Understanding MongoDB — Documents, Collections and JSON Data

MongoDB is the “M” in MERN and the foundation that stores all of your application’s data. Unlike the relational databases you may have encountered (MySQL, PostgreSQL), MongoDB does not use tables, rows, or columns. Instead it stores data as documents — flexible, JSON-like objects — grouped into collections. Understanding how MongoDB organises and represents data is essential before you write a single line of Mongoose code, because every schema decision you make later flows from how MongoDB works at its core.

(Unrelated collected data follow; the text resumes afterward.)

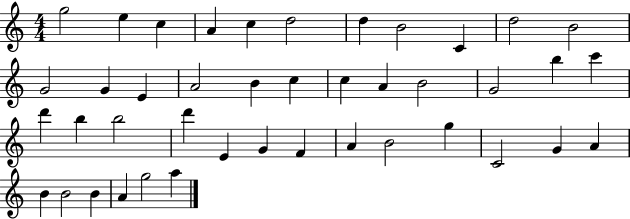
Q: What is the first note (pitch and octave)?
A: G5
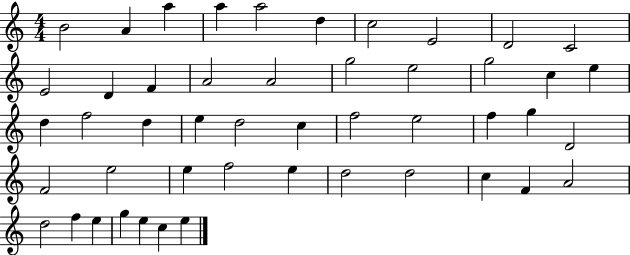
X:1
T:Untitled
M:4/4
L:1/4
K:C
B2 A a a a2 d c2 E2 D2 C2 E2 D F A2 A2 g2 e2 g2 c e d f2 d e d2 c f2 e2 f g D2 F2 e2 e f2 e d2 d2 c F A2 d2 f e g e c e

Relational vs Document Databases

Concept Relational (MySQL) MongoDB
Storage unit Row in a table Document in a collection
Schema Fixed — defined upfront, all rows match Flexible — documents in the same collection can differ
Data format Columns with specific types JSON-like BSON objects with nested fields and arrays
Relationships Foreign keys and JOINs Embedded documents or $lookup aggregation
Query language SQL MongoDB Query Language (MQL) — JSON-based
Scaling Vertical (bigger server) Horizontal (more servers via sharding)
Note: MongoDB stores data as BSON (Binary JSON) on disk for performance, but you always work with it as plain JSON in your Node.js code. Mongoose handles the BSON conversion transparently — you never need to think about it directly.
Tip: Every MongoDB document automatically gets a unique _id field of type ObjectId if you do not supply one. ObjectId is a 12-byte value that encodes a timestamp, making every ID globally unique and time-ordered. In Mongoose you reference it as a string using .toString() or let Mongoose handle the conversion automatically.
Warning: MongoDB’s schema flexibility is powerful but can become a liability if you have no discipline. Two developers writing to the same collection without a Mongoose schema can produce inconsistent documents that break your application at runtime. Always define a Mongoose schema for every collection — it gives you the best of both worlds: MongoDB flexibility with enforced shape and validation.

Documents and Collections

// A MongoDB document — a blog post
{
  "_id": "64a1f2b3c8e4d5f6a7b8c9d0",
  "title": "Getting Started with MERN",
  "slug": "getting-started-with-mern",
  "body": "The MERN stack is a powerful...",
  "author": {
    "name": "Jane Smith",
    "email": "jane@example.com"
  },
  "tags": ["mern", "javascript", "beginner"],
  "published": true,
  "viewCount": 142,
  "createdAt": "2025-01-01T00:00:00.000Z",
  "updatedAt": "2025-01-15T10:30:00.000Z"
}

The document above shows MongoDB’s key strengths: the author field is a nested object (no JOIN needed), tags is an array, and different documents in the same posts collection could have different fields without breaking anything.

MongoDB Hierarchy

Level Name Analogy (SQL) Example
1 MongoDB Server Database Server localhost:27017
2 Database Database / Schema blogdb
3 Collection Table posts, users, comments
4 Document Row One blog post object
5 Field Column title, body, tags

BSON Data Types

BSON Type JavaScript Equivalent Common Use
String string Text fields — title, body, slug
Number (Int32 / Double) number Counts, prices, ratings
Boolean boolean Flags — published, active, verified
Array Array Tags, list of IDs, embedded objects
Object object Nested sub-documents — address, author
ObjectId string (24 hex chars) Document _id, foreign references
Date Date createdAt, updatedAt, dueDate
Null null Optional fields with no value

Embedding vs Referencing

One of the most important decisions in MongoDB schema design is whether to embed related data inside a document or reference it by ID.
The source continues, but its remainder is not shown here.